O governo brasileiro poderá importar medicamentos genéricos, inclusive contra a Aids, graças à publicação de um decreto presidencial que permite a compra em casos de emergência nacional ou interesse público, sem a necessidade de consentimento do detentor da patente. O anúncio foi feito ontem pelo ministro da Saúde, Humberto Costa.
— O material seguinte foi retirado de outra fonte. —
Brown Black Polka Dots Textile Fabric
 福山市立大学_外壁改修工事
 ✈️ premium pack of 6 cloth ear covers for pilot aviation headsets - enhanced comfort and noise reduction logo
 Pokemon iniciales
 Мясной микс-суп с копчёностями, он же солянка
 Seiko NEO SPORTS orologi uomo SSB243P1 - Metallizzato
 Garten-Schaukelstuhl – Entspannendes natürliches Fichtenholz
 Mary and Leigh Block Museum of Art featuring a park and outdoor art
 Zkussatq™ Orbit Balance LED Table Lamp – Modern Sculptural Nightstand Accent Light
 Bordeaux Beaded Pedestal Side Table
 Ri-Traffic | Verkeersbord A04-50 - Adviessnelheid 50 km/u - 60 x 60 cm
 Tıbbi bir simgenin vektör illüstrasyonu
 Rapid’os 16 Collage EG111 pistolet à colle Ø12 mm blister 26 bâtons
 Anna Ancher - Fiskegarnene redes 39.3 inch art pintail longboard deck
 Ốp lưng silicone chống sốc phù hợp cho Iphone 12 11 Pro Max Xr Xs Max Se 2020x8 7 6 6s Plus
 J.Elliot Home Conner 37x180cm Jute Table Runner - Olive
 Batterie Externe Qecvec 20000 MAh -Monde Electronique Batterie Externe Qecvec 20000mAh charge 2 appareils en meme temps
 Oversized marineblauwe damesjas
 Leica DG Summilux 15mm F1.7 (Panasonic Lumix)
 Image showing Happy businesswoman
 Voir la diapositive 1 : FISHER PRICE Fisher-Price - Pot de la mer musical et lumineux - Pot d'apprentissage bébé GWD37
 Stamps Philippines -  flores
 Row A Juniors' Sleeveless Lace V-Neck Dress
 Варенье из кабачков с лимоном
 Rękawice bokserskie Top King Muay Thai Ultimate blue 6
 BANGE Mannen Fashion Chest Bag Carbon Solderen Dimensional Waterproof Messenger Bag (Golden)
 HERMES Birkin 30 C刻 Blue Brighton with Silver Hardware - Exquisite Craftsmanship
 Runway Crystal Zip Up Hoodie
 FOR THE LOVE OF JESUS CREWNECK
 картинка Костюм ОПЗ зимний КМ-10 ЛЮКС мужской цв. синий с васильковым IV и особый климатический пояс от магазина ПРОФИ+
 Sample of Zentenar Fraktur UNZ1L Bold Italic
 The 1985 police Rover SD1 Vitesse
Com a medida, três medicamentos usados no tratamento da Aids - Nelfinavir (do laboratório Roche), Lopinavir (Abbott) e Efavirenz (Merck, Sharp & Dome) - que representam 63% do gasto anual do governo com o coquetel poderão ser comprados de laboratórios da China e da Índia, importantes fabricantes de genéricos. O decreto, que trata da concessão de licença compulsória, será publicado na sexta-feira no Diário Oficial e não se restringe à área da saúde.
Até hoje o Brasil podia importar os medicamentos apenas do próprio laboratório que detinha a patente no Brasil.
- Normalmente esses laboratórios têm apenas uma fábrica principal, e os preços são praticamente os mesmos em todo o mundo. Isso não atendia às necessidades do Brasil, que é de reduzir os custos do tratamento com o coquetel - disse o ministro.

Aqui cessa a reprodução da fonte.